Dutch expert praises UAE's happiness campaign

ABU DHABI // A Dutch professor involved in ground-breaking research on happiness praised the UAE’s move to foster happiness among residents as a government goal. “It is maybe the most important topic you should focus on as a country,” said Meike Bartels, a professor of genetics and wellbeing at VU Amsterdam University. “It has been […]

ABU DHABI // A Dutch professor involved in ground-breaking research on happiness praised the UAE’s move to foster happiness among residents as a government goal.

“It is maybe the most important topic you should focus on as a country,” said Meike Bartels, a professor of genetics and wellbeing at VU Amsterdam University.

“It has been shown that happy people are healthier, they have better social capital and greatly contribute to the development of a society.”

Prof Bartels said the first step a country had to make to increase the happiness of its community was to listen to what people say would make them happy.

Rather than focusing resources primarily on the unhappy minority, a country’s best interest was to make the majority happier, she said.

Adopting the same philosophy in her dissertation led Prof Bartels to delve into the science of happiness.

“It all started with a conversation about the research of smoking and why the only question was always ‘why do you smoke?’ and never ‘why don’t you smoke?’,” she said.

“We all have the same peer pressure, so I’m far more interested in the group with the ones who do not want to start in the first place.”

During her studies on the development of Dutch children, she found that a quarter of them had behavioural issues but she chose to focus on the majority who did not.

Her most recent study, conducted with a fellow professor, was the first in history to isolate parts of the human genome that could explain the differences in how people experience happiness.

The research relied on the analysis of identical twins by comparing findings from a study involving 17 countries and about 300,000 participants.

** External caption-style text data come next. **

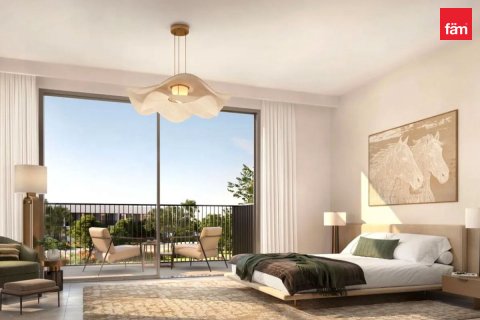Vila u gradu Dubai, UAE 3 spavaće sobe, 145.3 m2 Br. 760319 - Slika 2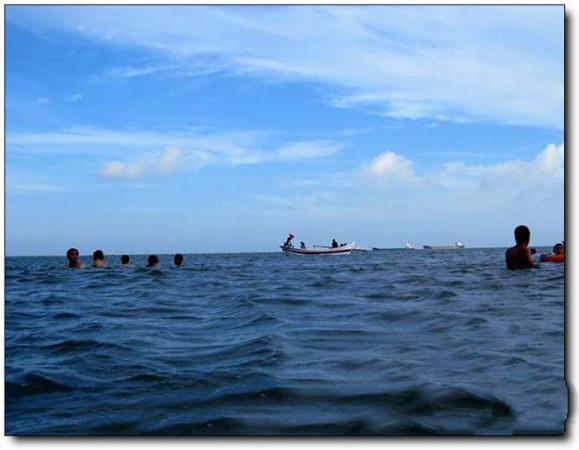 平潭金坤海滨度假村 (2)_平潭金坤海滨度假村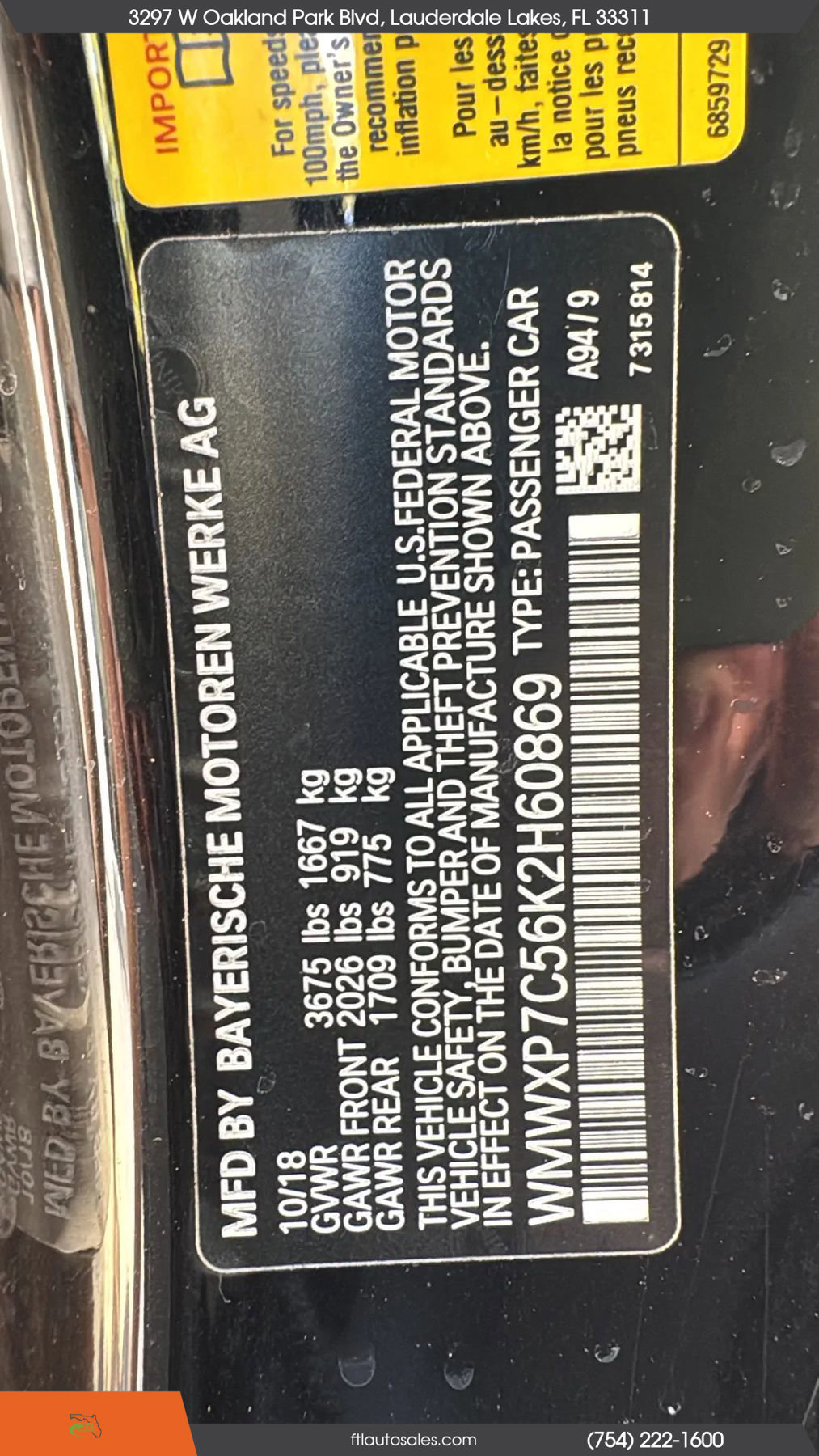 Used 2019 MINI Cooper S image 78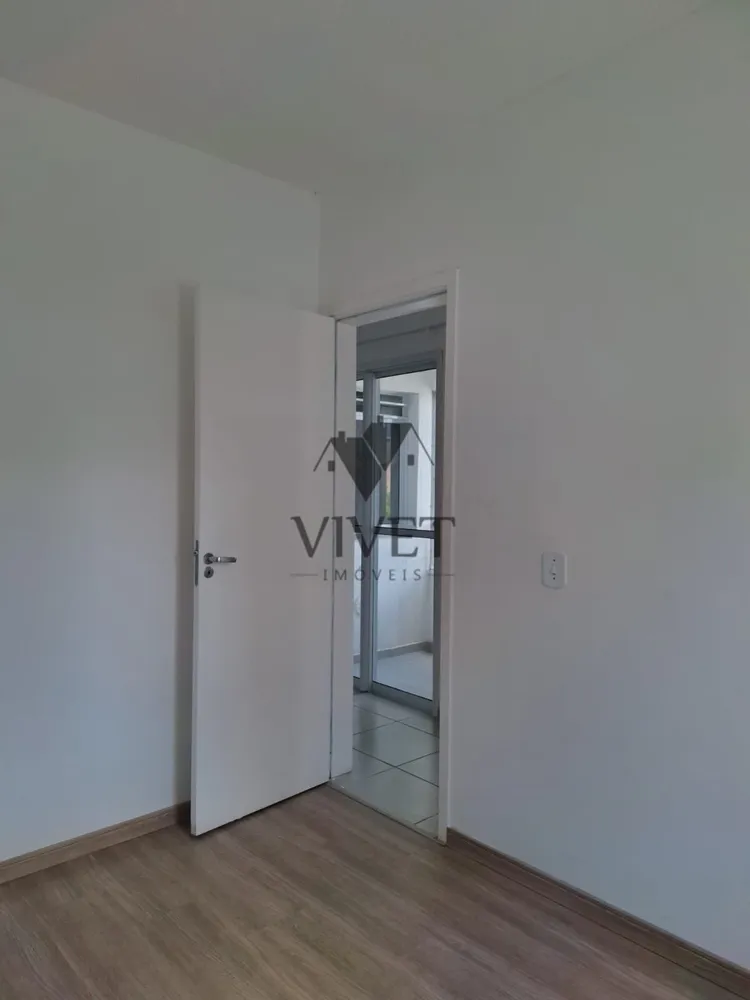 Apartamento, 2 quartos, 48 m² - Foto 7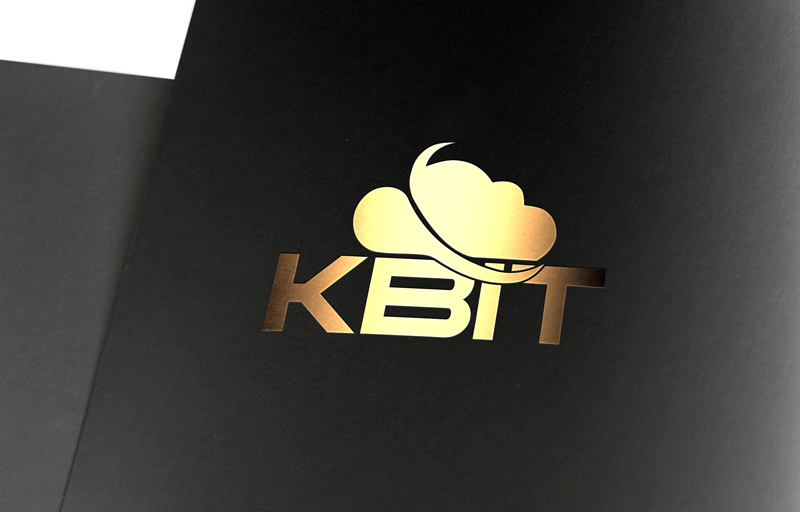 Logo Design by Onetouch110 for this project | Design #15552944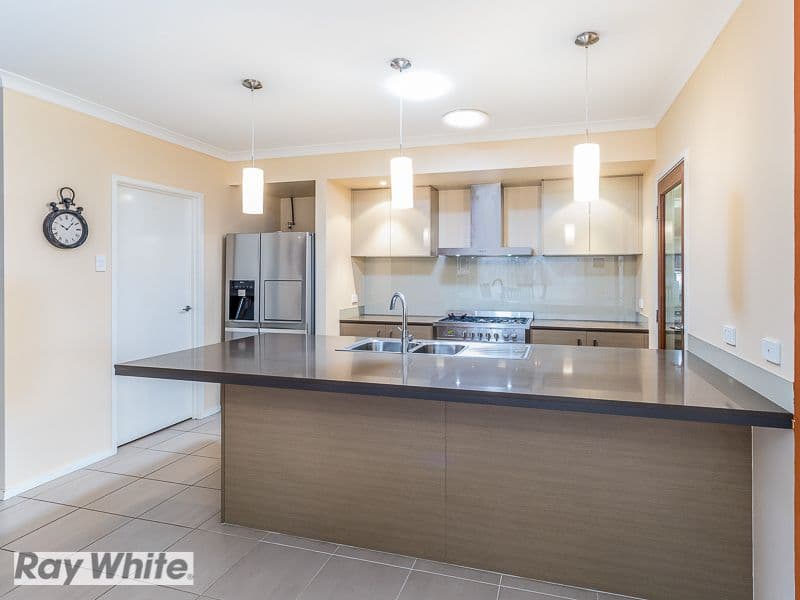 27 Lytham Circuit, North Lakes QLD 4509, North Lakes - Thumbnail 3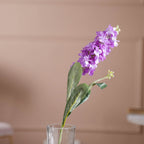 Colorful Flowers Nestasia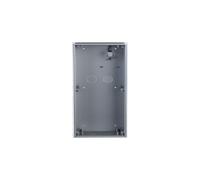 DAHUA VTM127- 2 Module Boîtier d'encastrement apparent / encastré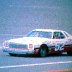 #52 Earl Ross 1974 Yankee 400 @ Michigan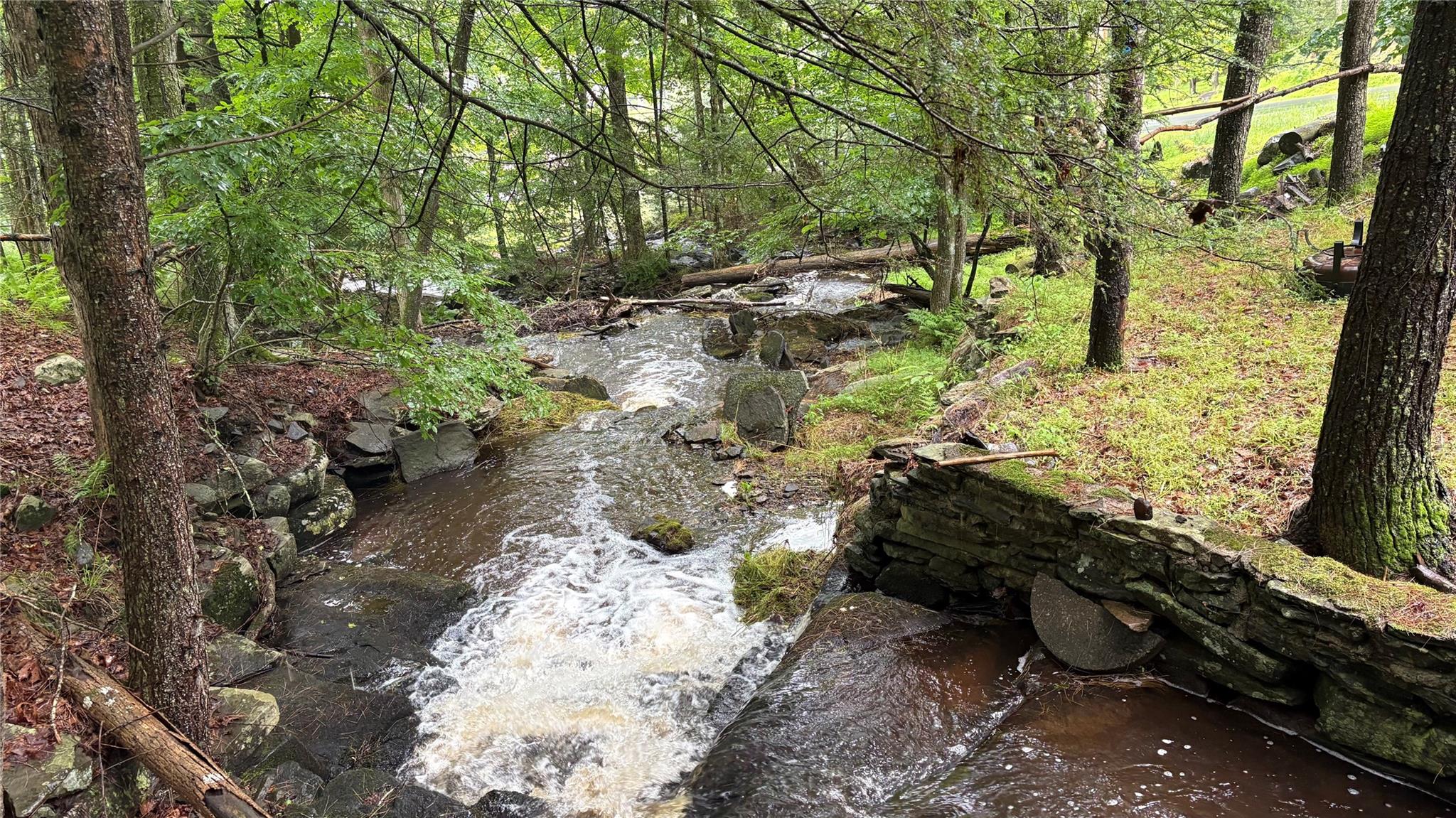 #15 photo, 20 Airport Road, Eldred , NY 12732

Prof Bartels found that twins who grew up apart scored closer on happiness levels than brothers and sisters who lived together, and that 40 per cent of differences in happiness between people was genetic, while 60 per cent of these differences was due to environmental influences.

“This is not to say we cannot change our level of happiness, but just that for some people it might be harder,” she said.

In fostering happiness among its people, a country cannot apply one-size-fits-all initiatives, as the perception of happiness varies greatly, according to Prof Bartels. “Some people might feel great when they exercise, but there are others who will never feel happy with exercising,” she said.

The important thing was to help people find out what makes them happy while giving them the chance to pursue those activities, she said.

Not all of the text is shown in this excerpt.